Interrogé sur les qualités requises pour effectuer son travail, Patrick Gauchat indique que, en plus des compétences militaires et diplomatiques, «patience et compréhension» sont également nécessaires. «Il est important d’apprendre la culture, l’histoire et la situation générale de la région pour mieux comprendre les points de vue et les préoccupations des gens», poursuit-il. D’après lui, son équipe multinationale et multiculturelle constitue un atout: «Clairement, lorsqu’une mission de l’ONU doit composer avec plusieurs cultures, langues et religions, c’est un élément positif, car les gens ont ce respect de la diversité, interne et externe.»

Évaluer les missions de paix de l’ONU

Depuis la création de l’ONUST en 1949, l’ONU a effectué de nombreuses missions de maintien de la paix à travers le monde. Actuellement, douze sont en cours. Ces missions ont parfois été critiquées, avec l’échec le plus notable au Rwanda en 1994, lors du retrait des Casques bleus au lieu d’un renforcement de mandat pour stopper le génocide. Feu Kofi Annan, qui dirigeait à l’époque les opérations de maintien de la paix de l’ONU à New York, a exprimé plus tard «d’amers regrets et une profonde tristesse» face à cette tragédie, la communauté internationale ayant failli à ses devoirs.

Patrick Gauchat estime que l’ONU s’est améliorée en tant qu’organisation depuis lors.
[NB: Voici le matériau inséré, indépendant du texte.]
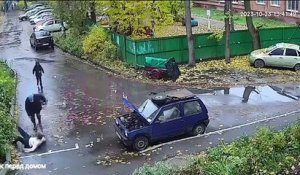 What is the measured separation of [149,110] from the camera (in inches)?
632

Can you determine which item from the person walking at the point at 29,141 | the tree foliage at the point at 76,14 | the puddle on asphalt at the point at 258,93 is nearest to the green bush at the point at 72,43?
the tree foliage at the point at 76,14

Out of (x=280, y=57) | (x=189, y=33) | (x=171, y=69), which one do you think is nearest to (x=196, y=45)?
(x=189, y=33)

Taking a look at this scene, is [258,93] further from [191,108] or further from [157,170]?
[157,170]

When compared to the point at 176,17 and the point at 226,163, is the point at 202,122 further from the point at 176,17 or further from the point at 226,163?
the point at 176,17

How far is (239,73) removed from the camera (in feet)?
85.5

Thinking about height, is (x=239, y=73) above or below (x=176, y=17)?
below

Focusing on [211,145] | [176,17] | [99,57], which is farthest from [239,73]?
[176,17]

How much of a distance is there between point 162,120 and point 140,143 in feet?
3.53

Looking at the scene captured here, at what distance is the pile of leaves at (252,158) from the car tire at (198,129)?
3368mm

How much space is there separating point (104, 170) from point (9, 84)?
9.70 meters

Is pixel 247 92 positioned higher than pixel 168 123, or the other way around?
pixel 168 123

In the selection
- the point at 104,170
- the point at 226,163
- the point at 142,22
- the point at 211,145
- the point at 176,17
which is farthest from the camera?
the point at 176,17

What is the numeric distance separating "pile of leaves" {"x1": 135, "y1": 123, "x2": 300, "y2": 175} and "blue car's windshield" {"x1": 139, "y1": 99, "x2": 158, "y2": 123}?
3589 mm

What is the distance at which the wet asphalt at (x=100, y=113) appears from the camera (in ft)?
48.4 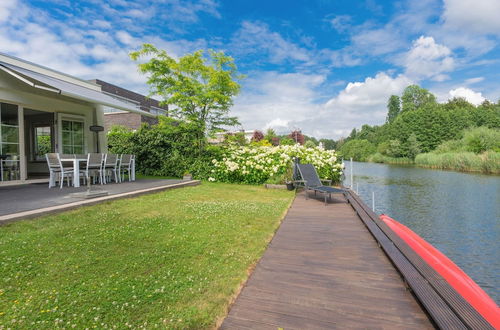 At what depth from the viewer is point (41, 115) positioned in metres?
9.23

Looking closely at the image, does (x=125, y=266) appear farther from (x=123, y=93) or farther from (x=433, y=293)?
(x=123, y=93)

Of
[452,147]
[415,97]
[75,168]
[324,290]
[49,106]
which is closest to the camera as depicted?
[324,290]

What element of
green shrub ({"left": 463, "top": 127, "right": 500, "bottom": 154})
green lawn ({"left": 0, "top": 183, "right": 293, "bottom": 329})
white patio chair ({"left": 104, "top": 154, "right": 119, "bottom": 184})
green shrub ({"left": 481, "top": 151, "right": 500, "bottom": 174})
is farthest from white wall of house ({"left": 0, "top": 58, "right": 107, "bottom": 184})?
green shrub ({"left": 463, "top": 127, "right": 500, "bottom": 154})

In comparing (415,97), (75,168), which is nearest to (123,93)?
(75,168)

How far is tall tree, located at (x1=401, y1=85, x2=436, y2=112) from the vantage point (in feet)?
214

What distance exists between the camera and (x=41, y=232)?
128 inches

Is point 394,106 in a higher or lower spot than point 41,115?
higher

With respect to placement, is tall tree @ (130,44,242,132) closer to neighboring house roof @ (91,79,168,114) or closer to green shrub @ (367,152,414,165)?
neighboring house roof @ (91,79,168,114)

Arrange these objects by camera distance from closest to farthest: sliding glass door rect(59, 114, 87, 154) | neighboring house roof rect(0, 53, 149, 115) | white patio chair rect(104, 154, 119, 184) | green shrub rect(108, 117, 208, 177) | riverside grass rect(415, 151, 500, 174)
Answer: neighboring house roof rect(0, 53, 149, 115), white patio chair rect(104, 154, 119, 184), sliding glass door rect(59, 114, 87, 154), green shrub rect(108, 117, 208, 177), riverside grass rect(415, 151, 500, 174)

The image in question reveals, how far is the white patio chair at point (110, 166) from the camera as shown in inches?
291

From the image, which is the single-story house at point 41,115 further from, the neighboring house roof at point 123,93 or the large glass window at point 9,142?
the neighboring house roof at point 123,93

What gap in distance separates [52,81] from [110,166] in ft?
9.91

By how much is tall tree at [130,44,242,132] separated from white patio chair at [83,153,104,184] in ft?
12.2

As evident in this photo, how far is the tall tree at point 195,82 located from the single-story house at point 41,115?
1633mm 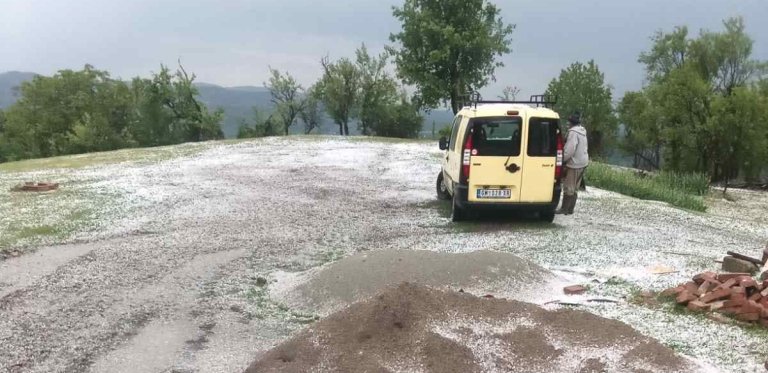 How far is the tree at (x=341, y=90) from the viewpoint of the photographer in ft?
231

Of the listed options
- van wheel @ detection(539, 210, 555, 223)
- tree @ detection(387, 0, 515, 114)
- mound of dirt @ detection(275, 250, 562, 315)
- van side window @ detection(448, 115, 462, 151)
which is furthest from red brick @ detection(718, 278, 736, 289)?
tree @ detection(387, 0, 515, 114)

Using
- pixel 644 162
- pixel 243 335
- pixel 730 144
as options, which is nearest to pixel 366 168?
pixel 243 335

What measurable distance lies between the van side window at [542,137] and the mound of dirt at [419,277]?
176 inches

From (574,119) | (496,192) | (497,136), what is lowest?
(496,192)

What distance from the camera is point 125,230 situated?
532 inches

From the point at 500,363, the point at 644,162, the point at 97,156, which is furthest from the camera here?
the point at 644,162

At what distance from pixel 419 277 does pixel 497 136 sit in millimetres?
5335

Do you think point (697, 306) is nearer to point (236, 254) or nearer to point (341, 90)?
point (236, 254)

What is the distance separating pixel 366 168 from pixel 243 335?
64.7ft

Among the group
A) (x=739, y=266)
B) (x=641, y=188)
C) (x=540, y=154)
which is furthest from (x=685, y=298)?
(x=641, y=188)

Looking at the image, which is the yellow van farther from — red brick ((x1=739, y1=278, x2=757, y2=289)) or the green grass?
the green grass

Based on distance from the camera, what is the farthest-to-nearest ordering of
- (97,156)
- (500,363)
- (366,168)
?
(97,156) < (366,168) < (500,363)

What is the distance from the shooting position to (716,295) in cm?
717

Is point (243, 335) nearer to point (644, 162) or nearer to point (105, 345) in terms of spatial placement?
point (105, 345) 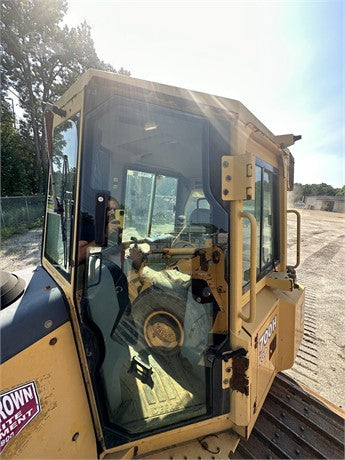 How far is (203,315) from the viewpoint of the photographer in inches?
65.5

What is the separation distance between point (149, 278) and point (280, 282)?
3.77 feet

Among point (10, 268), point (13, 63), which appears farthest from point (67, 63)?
point (10, 268)

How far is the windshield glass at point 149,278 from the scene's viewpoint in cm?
152

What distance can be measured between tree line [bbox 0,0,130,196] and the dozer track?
15.7m

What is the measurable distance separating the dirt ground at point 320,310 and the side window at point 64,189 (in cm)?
325

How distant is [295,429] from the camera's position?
6.56ft

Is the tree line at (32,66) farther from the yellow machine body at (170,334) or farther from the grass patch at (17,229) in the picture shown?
the yellow machine body at (170,334)

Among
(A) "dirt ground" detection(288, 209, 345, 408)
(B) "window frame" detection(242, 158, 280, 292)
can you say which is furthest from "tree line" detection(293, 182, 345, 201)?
(B) "window frame" detection(242, 158, 280, 292)

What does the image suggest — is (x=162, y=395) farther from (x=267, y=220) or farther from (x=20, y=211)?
(x=20, y=211)

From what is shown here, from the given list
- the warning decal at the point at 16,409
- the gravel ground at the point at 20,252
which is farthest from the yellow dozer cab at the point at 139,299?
the gravel ground at the point at 20,252

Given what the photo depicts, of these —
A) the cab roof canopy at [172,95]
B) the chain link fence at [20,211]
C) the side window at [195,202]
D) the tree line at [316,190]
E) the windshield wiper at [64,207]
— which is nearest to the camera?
the cab roof canopy at [172,95]

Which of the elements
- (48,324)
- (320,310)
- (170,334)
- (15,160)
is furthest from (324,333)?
(15,160)

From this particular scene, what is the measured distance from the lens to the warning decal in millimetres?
1196

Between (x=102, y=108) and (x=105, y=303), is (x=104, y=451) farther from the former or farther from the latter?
(x=102, y=108)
Selon lui, la valeur d’une mission de maintien de la paix n’est pas toujours évidente. L’absence d’affrontements est non seulement vitale pour les populations locales, mais aussi un élément clé qui peut ouvrir la voie à une solution politique au conflit. «Nous ne devons pas être considérés comme les personnes qui font la paix, mais comme celles qui créent certaines conditions propices à la paix», affirme-t-il.

À propos de l’absence de paix durable au Proche-Orient après toutes ces années, Patrick Gauchat dit préférer voir le côté positif, soulignant le fait que les cessez-le-feu de 1948 se sont transformés par la suite en traités de paix entre Israël et deux de ses voisins, la Jordanie et l’Égypte. Mais il admet que le conflit israélo-palestinien actuel représente «l’une des questions clés pour résoudre tous les conflits au Proche-Orient».

Des défis

Le principal défi pour le maintien de la paix en ce moment est la pandémie de Covid-19, estime Patrick Gauchat. Selon lui, les efforts de paix au niveau politique, au Proche-Orient et ailleurs, ont été «dilués» alors que le monde luttait contre la pandémie. Tandis que les militaires poursuivent leurs opérations tactiques sur le terrain, moins d’énergie est déployée pour trouver des solutions politiques durables aux conflits.

Sur le plan personnel, Patrick Gauchat a dû relever un autre défi: quitter une vie relativement confortable en Suisse. «Vous laissez derrière vous votre réseau et vos amis, et c’est difficile, surtout si vous changez de pays tous les un à trois ans.»

Comment donc surmonter cela? «Depuis tout petit, j’aime voyager, découvrir d’autres paysages, langues, cultures, géographies et histoires. Cela me pousse à apprendre à connaître de nouvelles sociétés», confie Patrick Gauchat. «Si vous avez les aptitudes à nouer de nouvelles relations, à adopter de nouvelles manières de faire les choses, vous pouvez vous débrouiller dans la vie.»